If you have not already done so, please read Blog Posts 1 through 5 that describe how sleep is important and beneficial. I will post specific information for parents and children based on my book, “Healthy Sleep Habits, Happy Child.” Please do not be put off by my book’s length. This is a reference book. Read only the topic of interest to you.
A woman with anxiety symptoms (or dysfunctional cognitions regarding attending to her baby at night) becomes pregnant. She might worry about the pregnancy, her baby, becoming a mother, the father or any other aspect of her life. During pregnancy, the anxiety leads to significant insomnia. After the baby is born, she might worry about her child’s weight gain and comfort level and/or interprets all infant vocalizations at night as distress. She may have a low tolerance for infant crying. She becomes too intrusive at night and fragments her child’s sleep with unnecessary feeding and soothing. Her own insomnia during pregnancy and/or her own fragmented sleep postpartum depletes her reserves, and postpartum depression emerges. Her intensive involvement in putting her baby to sleep and/or intrusiveness during the night results in her baby not learning self-soothing at bedtime or sleep onset. Subsequently, night waking as a sleep problem (signaling) during the night emerges in her baby, because after a normal nighttime arousal the baby has difficulty self-soothing, which is needed to return to sleep unassisted. The sleep-impaired baby becomes painfully tired near the end of the day, and after a few weeks, colic might emerge. For her own sense of comfort and to better calm her baby, the mother is more likely to choose to sleep with her baby in her bed, which further impairs the mother’s sleep.
The baby’s failure to learn self-soothing and subsequent impaired sleeping may create enduring sleep problems in both the child and the mother, worsening mental health symptoms in the mother and increasing family tension. When older, the direction of these effects goes both ways: from child to mother and from mother to child.
Older women with anxiety, knowing that their older husbands will be less involved in helping care for the baby, might be more likely to experience this sequence of events. Younger unmarried women with less support may also experience more anxiety. With symptoms of anxiety present, maternal smoking and drinking alcohol during pregnancy and postpartum might be viewed as a reflection of anxiety.
Variable #1 is maternal depression (or co-morbid anxiety and depression) before pregnancy, which worsens with increasing sleep deprivation during the pregnancy due to insomnia, and postpartum from caring for the baby at night.
Variable #2 is an infant colic, which might be biologically associated with mother’s mental health status and/or insomnia or smoking during pregnancy, or could be an independent factor. These children (about 20 percent) add more stress to the family and cause more sleep deprivation in the mother, which might contribute to or worsen preexisting maternal postpartum anxiety and/or depression.

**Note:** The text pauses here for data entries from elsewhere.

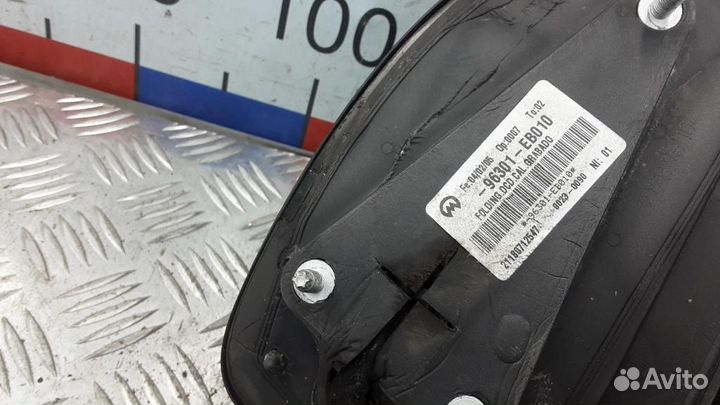 Зеркало правое электрическое Nissan Pathfinder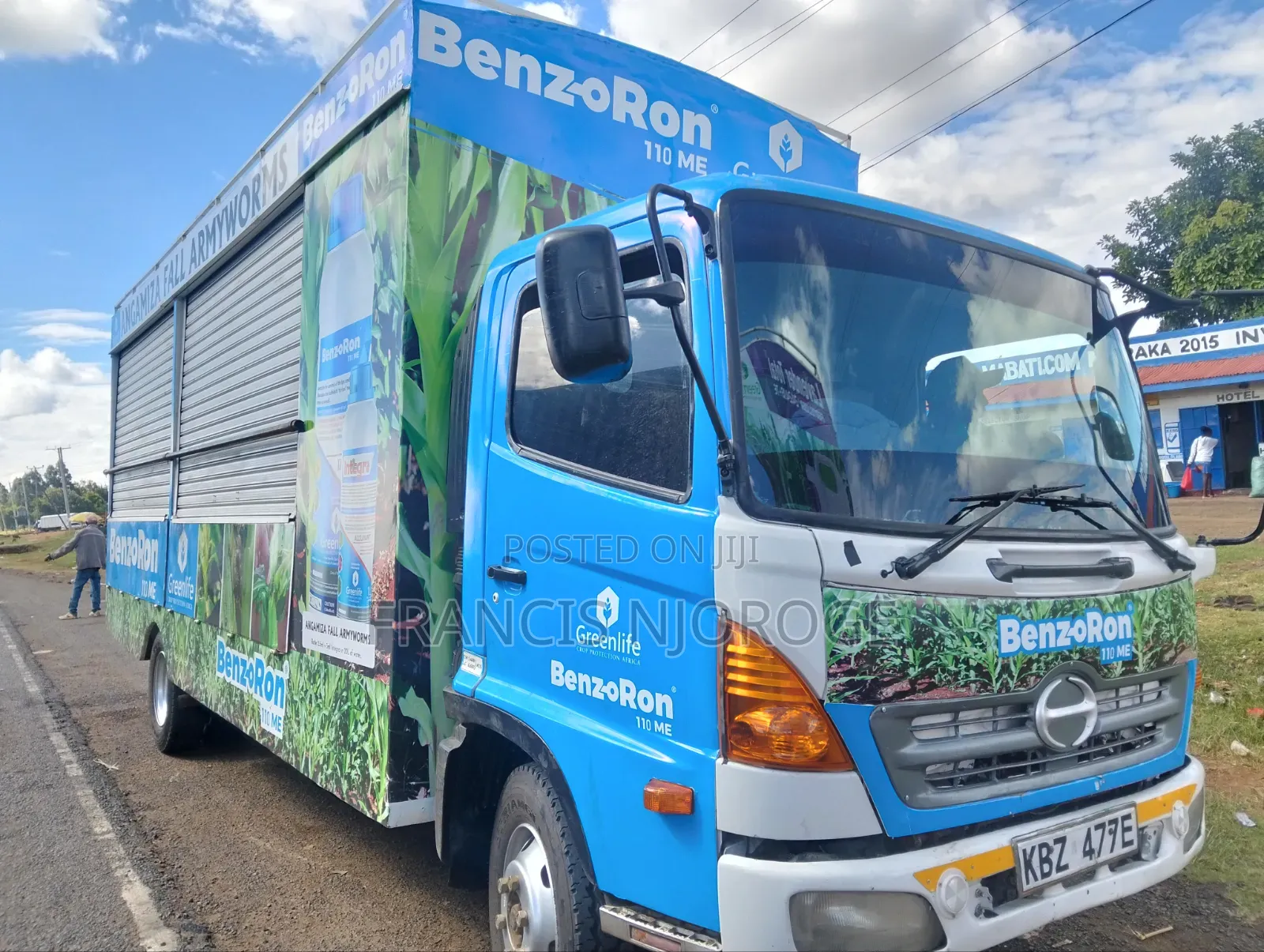 Roadshows/Marketing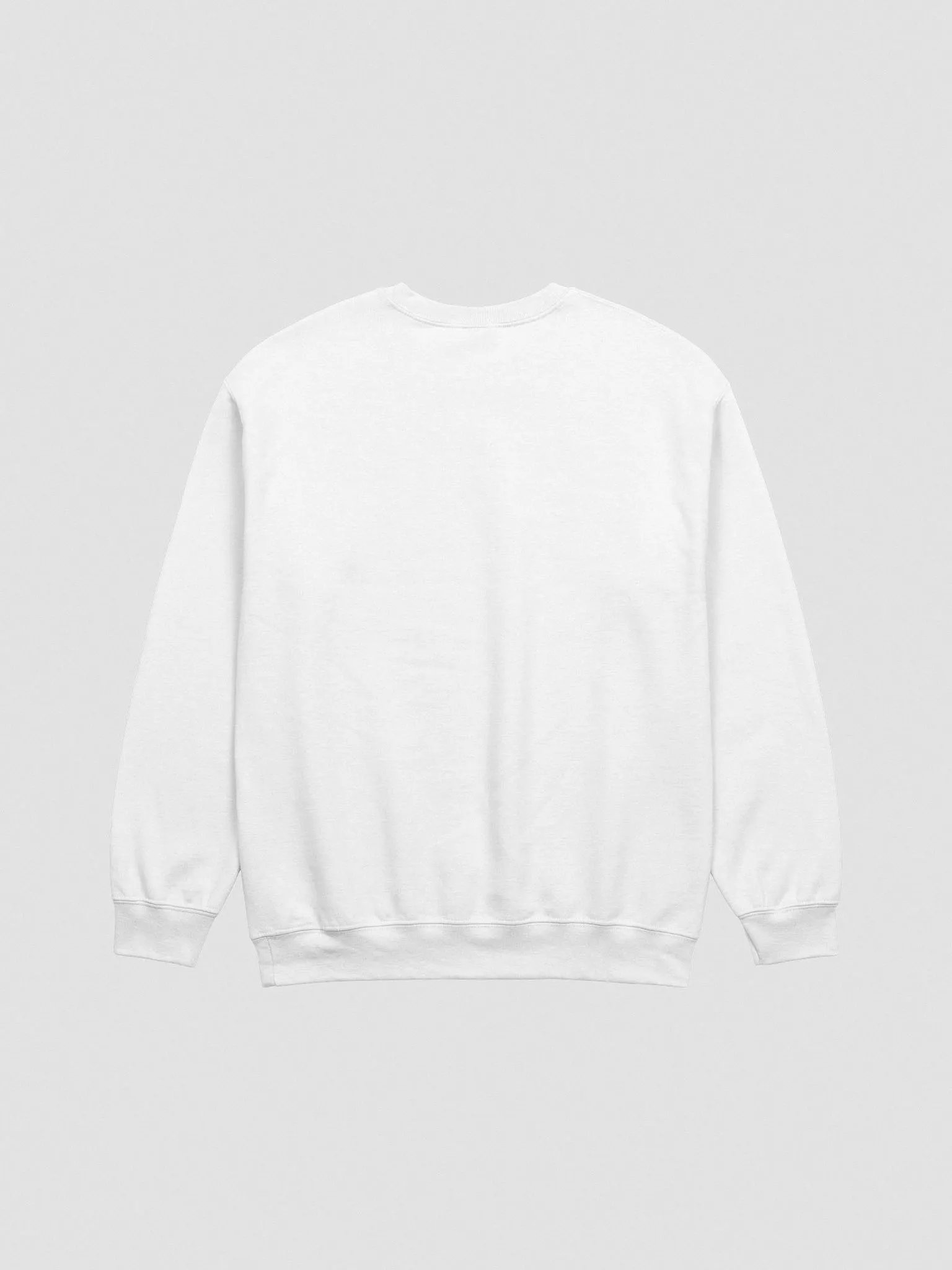Mentee Sweatshirt (White) product image (2)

Variable #3 is low parental tolerance for infant crying (Blog Post 18), which might interfere with a child having the opportunity to practice self-soothing.
Variable(s) #4-plus are other common variables affecting both mother and child, such as a non-supportive or impaired father/husband/partner adversely affecting both the mother’s mental health and the baby’s ability to sleep well and self-soothe. Alternatively, any combination of these variables magnifies the stress in the mother and the challenges in parenting, causing a minority of children to continue to cry/fuss well beyond 2–4 months of age and/or continue to not sleep well during childhood. As a result, they are at a higher risk for future sleep problems and/or other problems driven by chronic sleepiness.